● Assigned task: The complete data, repeated exactly, should form your response.

────

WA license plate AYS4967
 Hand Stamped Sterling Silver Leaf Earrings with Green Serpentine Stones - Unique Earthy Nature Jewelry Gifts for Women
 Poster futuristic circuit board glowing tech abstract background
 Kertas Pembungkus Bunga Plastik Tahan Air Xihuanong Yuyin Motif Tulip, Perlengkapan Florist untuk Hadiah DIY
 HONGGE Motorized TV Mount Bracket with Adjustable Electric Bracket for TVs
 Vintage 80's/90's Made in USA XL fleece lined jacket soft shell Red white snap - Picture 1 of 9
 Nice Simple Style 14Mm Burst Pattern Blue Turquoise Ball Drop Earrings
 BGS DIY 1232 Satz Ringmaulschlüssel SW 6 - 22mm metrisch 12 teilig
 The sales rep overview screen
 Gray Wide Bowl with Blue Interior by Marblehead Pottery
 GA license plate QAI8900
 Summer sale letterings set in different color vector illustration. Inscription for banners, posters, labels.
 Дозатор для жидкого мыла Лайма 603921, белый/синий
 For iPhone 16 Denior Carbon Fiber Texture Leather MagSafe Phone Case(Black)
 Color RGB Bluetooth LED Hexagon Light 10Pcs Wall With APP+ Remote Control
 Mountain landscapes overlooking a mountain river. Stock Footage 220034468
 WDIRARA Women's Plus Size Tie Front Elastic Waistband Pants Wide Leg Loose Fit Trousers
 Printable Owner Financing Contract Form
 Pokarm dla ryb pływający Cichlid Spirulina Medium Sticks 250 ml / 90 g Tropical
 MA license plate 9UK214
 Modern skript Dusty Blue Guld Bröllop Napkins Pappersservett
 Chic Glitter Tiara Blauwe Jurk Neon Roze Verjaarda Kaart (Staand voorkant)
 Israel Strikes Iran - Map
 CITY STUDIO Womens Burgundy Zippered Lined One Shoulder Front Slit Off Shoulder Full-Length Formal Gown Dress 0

────

● Exercise response:
WA license plate AYS4967
 Hand Stamped Sterling Silver Leaf Earrings with Green Serpentine Stones - Unique Earthy Nature Jewelry Gifts for Women
 Poster futuristic circuit board glowing tech abstract background
 Kertas Pembungkus Bunga Plastik Tahan Air Xihuanong Yuyin Motif Tulip, Perlengkapan Florist untuk Hadiah DIY
 HONGGE Motorized TV Mount Bracket with Adjustable Electric Bracket for TVs
 Vintage 80's/90's Made in USA XL fleece lined jacket soft shell Red white snap - Picture 1 of 9
 Nice Simple Style 14Mm Burst Pattern Blue Turquoise Ball Drop Earrings
 BGS DIY 1232 Satz Ringmaulschlüssel SW 6 - 22mm metrisch 12 teilig
 The sales rep overview screen
 Gray Wide Bowl with Blue Interior by Marblehead Pottery
 GA license plate QAI8900
 Summer sale letterings set in different color vector illustration. Inscription for banners, posters, labels.
 Дозатор для жидкого мыла Лайма 603921, белый/синий
 For iPhone 16 Denior Carbon Fiber Texture Leather MagSafe Phone Case(Black)
 Color RGB Bluetooth LED Hexagon Light 10Pcs Wall With APP+ Remote Control
 Mountain landscapes overlooking a mountain river. Stock Footage 220034468
 WDIRARA Women's Plus Size Tie Front Elastic Waistband Pants Wide Leg Loose Fit Trousers
 Printable Owner Financing Contract Form
 Pokarm dla ryb pływający Cichlid Spirulina Medium Sticks 250 ml / 90 g Tropical
 MA license plate 9UK214
 Modern skript Dusty Blue Guld Bröllop Napkins Pappersservett
 Chic Glitter Tiara Blauwe Jurk Neon Roze Verjaarda Kaart (Staand voorkant)
 Israel Strikes Iran - Map
 CITY STUDIO Womens Burgundy Zippered Lined One Shoulder Front Slit Off Shoulder Full-Length Formal Gown Dress 0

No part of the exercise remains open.